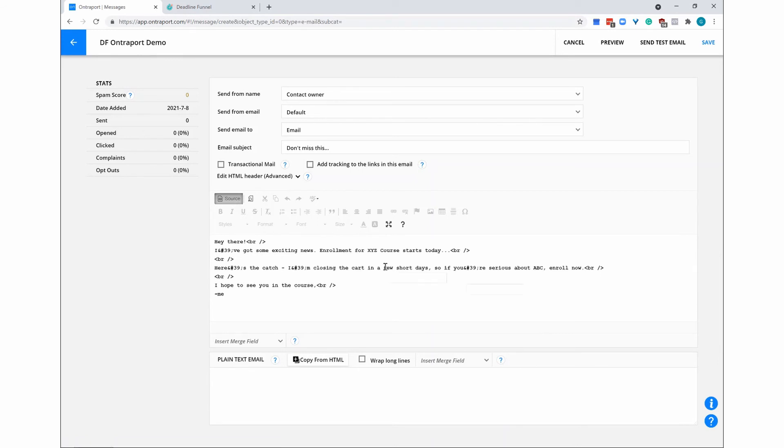Now paste the Deadline Funnel HTML code in the Ontraport source box where you want the animated countdown to appear and then click Save.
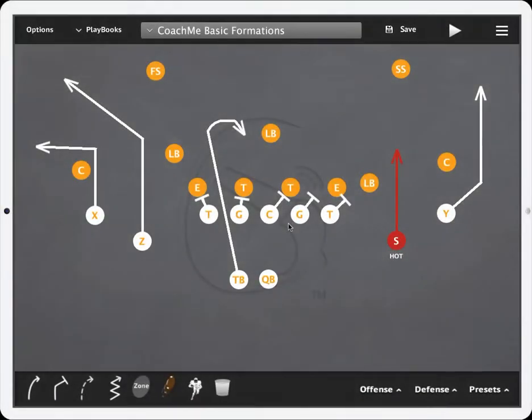Hey coaches, this is going to be a quick tutorial on the general and field settings for CoachMeFootball, the mobile app.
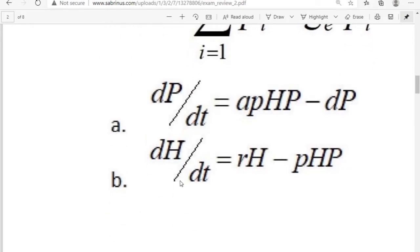Let's now look at the predator-prey equations. Capital P stands for the predator and capital H stands for the herbivore. So dP/dt — the change in the predator population relative to time — equals a·P·H·P minus D times capital P. D is the death rate of the predator. If there are no herbivores, the first term is zero, and the predator will starve to death dying at rate D.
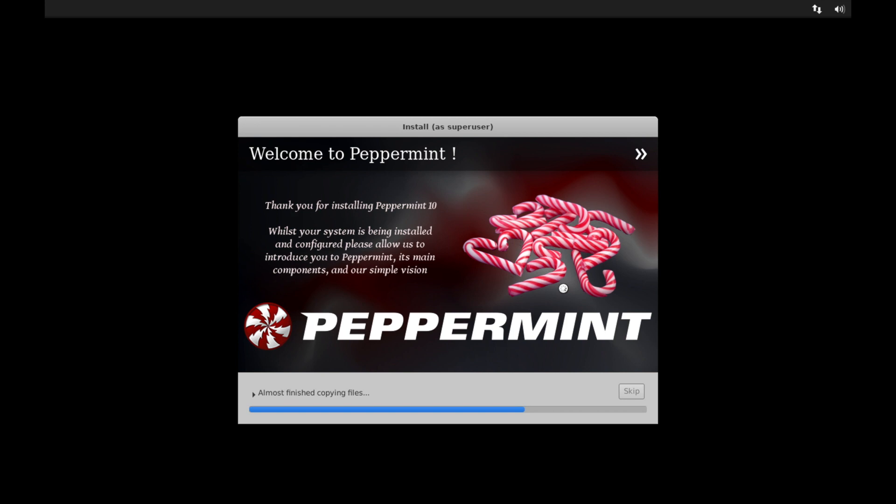And then at this point, Peppermint OS will begin installing its base system. Peppermint OS is an L-Ubuntu-based Linux distribution. And its main focus is to supply a very lightweight, fast, and stable operating system for its users.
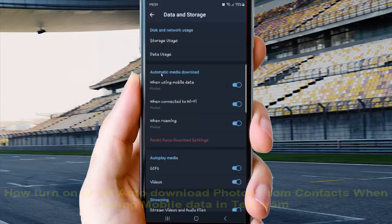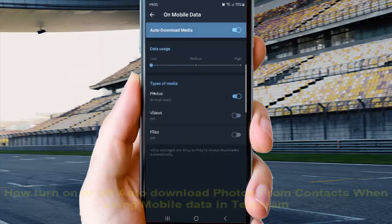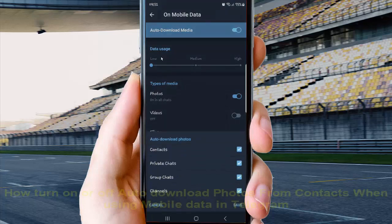Under Automatic Media Download, tap When using mobile data, then select Photos. On the Contacts option, check to turn on auto download, or uncheck to turn it off, and then select Save to save your changes.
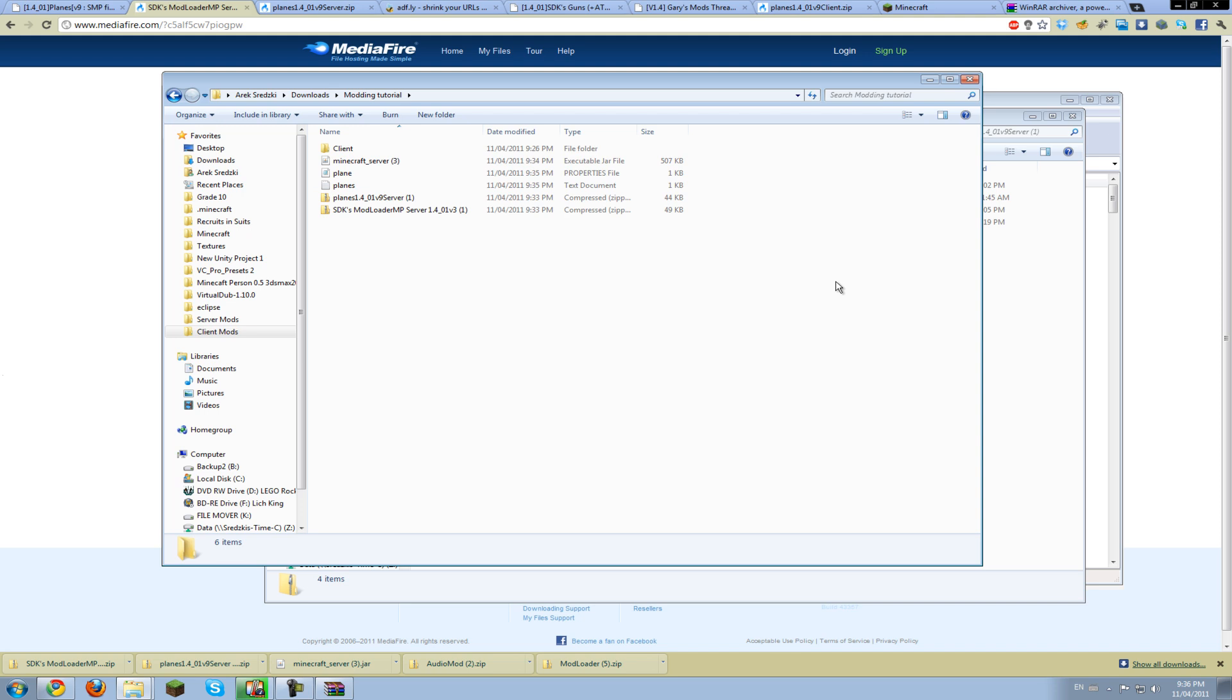The last thing you need is the .properties and the .txt, and just put that in the containing folder, otherwise it won't work. It'll just crash. Also a little bug is that when you run the server, it'll say modloader version 8. That got me worried a lot, but don't worry, it is version 9, so have fun with that. Post any questions that you have below, and we'll see you in the next episode of Recruits and Suits.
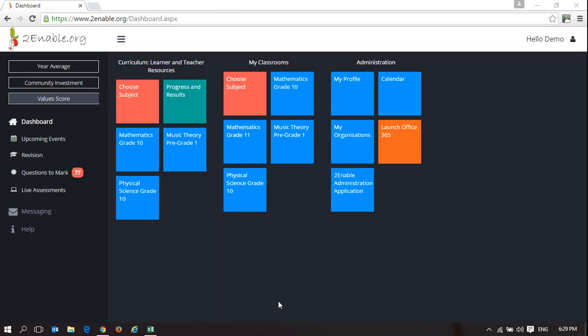Welcome to Enable Help. In this video, I'm going to show teachers how to access some ready-made resources for the classroom.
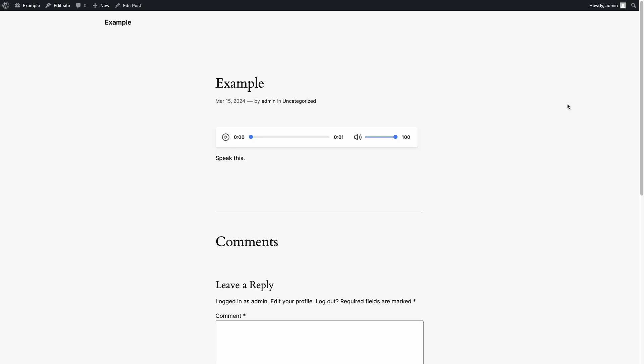Just below the article title, you will find an audio player. Click on the Play button of the audio player to listen to the audio version of the post.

- - - -

## PROMPT
Write out only the lines from the line containing "Hey coaches, this" through the end of the material above, both end lines included. Pictures are not written out.

## EXPECTED ANSWER
Hey coaches, this is going to be a quick tutorial on the general and field settings for CoachMeFootball, the mobile app.
Let's now look at the predator-prey equations. Capital P stands for the predator and capital H stands for the herbivore. So dP/dt — the change in the predator population relative to time — equals a·P·H·P minus D times capital P. D is the death rate of the predator. If there are no herbivores, the first term is zero, and the predator will starve to death dying at rate D.
And then at this point, Peppermint OS will begin installing its base system. Peppermint OS is an L-Ubuntu-based Linux distribution. And its main focus is to supply a very lightweight, fast, and stable operating system for its users.
Under Automatic Media Download, tap When using mobile data, then select Photos. On the Contacts option, check to turn on auto download, or uncheck to turn it off, and then select Save to save your changes.
The last thing you need is the .properties and the .txt, and just put that in the containing folder, otherwise it won't work. It'll just crash. Also a little bug is that when you run the server, it'll say modloader version 8. That got me worried a lot, but don't worry, it is version 9, so have fun with that. Post any questions that you have below, and we'll see you in the next episode of Recruits and Suits.
Welcome to Enable Help. In this video, I'm going to show teachers how to access some ready-made resources for the classroom.
Just below the article title, you will find an audio player. Click on the Play button of the audio player to listen to the audio version of the post.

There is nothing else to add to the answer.